The Emmy nominations  “House of Cards” and “Arrested Development”  received must cheer Netflix, which has spent heavily to create original content for their Web-based content delivery sites.  But it can be a stretch to suggest it is going to help hasten a stampede by consumer to online video services.

I’m going to assume you know the basic story—once Emmy’s governors allowed cable to compete, it was just a short while before HBO and then Showtime began asserting themselves.  

That led to the predictable outcry that Emmy pits commercially-supported content against subscriber-supported content, and that in that game, subscriber-supported content wins because producers don’t have to worry about satisfying the craven, base instincts of stupid, careful, risk-averse, everybody-in-the-big-tent  advertisers.

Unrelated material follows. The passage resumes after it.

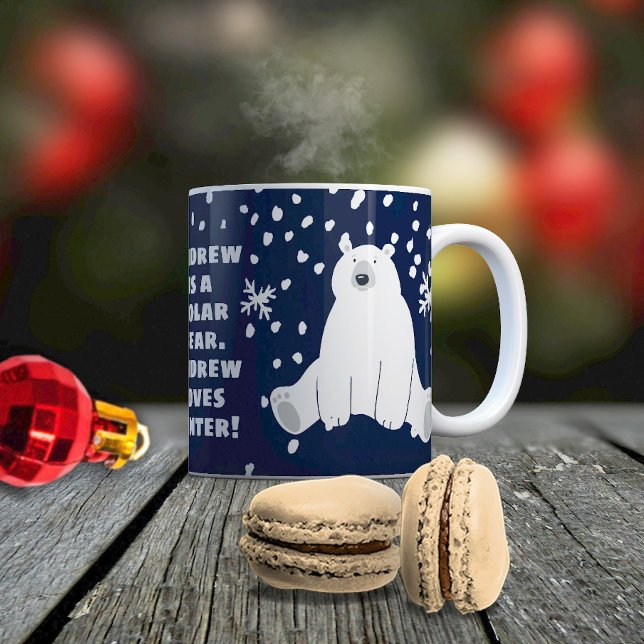 Your Name Polar Bear in Snowy Winter Coffee Mug (Creator Uploaded)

Back when HBO began hijacking the Oscars, TV could-- and did, sort of –react by taking more risks, less at first on broadcast networks and more on basic cable.

 The Netflix effect is not so much about content, though—“Arrested Development,” after all was born on Fox.

It’s about platform, and it will take a bigger leap to see “House of Cards” make the kind of difference that premium cable channels did.  But that could change, radically, when and if more OTT devices and smart TVs begin making inroads. Within months.  And so it’s not about platform, too, because a lot of people think online video will finally flower when people will mostly watch it on a big flatscreen TV.   

Back to the beginning of the TV medium, just about, there was a TV Code created by the National Association of Braodcasters that more or less decreed that bad guys should be presented as bad guys.  To pick off the most relevant-to-the-‘Sopranos’ portion of the code.  “Criminality shall be presented as undesirable and unsympathetic,” one portion began.  The code was undone in 1983 but after a few decades of “Father Knows Best” and “Dragnet,” network TV was what it was.  Broadcast TV to this day could do a lot of things it doesn’t do because it’s sure viewers would go crazy if they did.

Back in 2001 when the “Sopranos” was a big hit, NBC CEO  Bob Wright sent out DVDs of an episode to Hollywood producers and some NBC executives, inviting a dialogue about how network TV should respond.  "As we move ahead making plans for our new season, I believe we need to give serious thought to this issue," Wright's letter said. By then, the show had already won a Peabody. The New York Times had run out of ways of figuring its place in the constellation of great dramas of all time.

And back then, I wrote to Wright;  

Let's forget the R-rated stuff and pretend that That's Tony's Life was proposed to NBC. Here's the pitch: That's Tony's Life is a dramatic series about a guy's family business, his eccentric partners, his unrelenting mother, his wise children and his long-suffering wife in suburbia.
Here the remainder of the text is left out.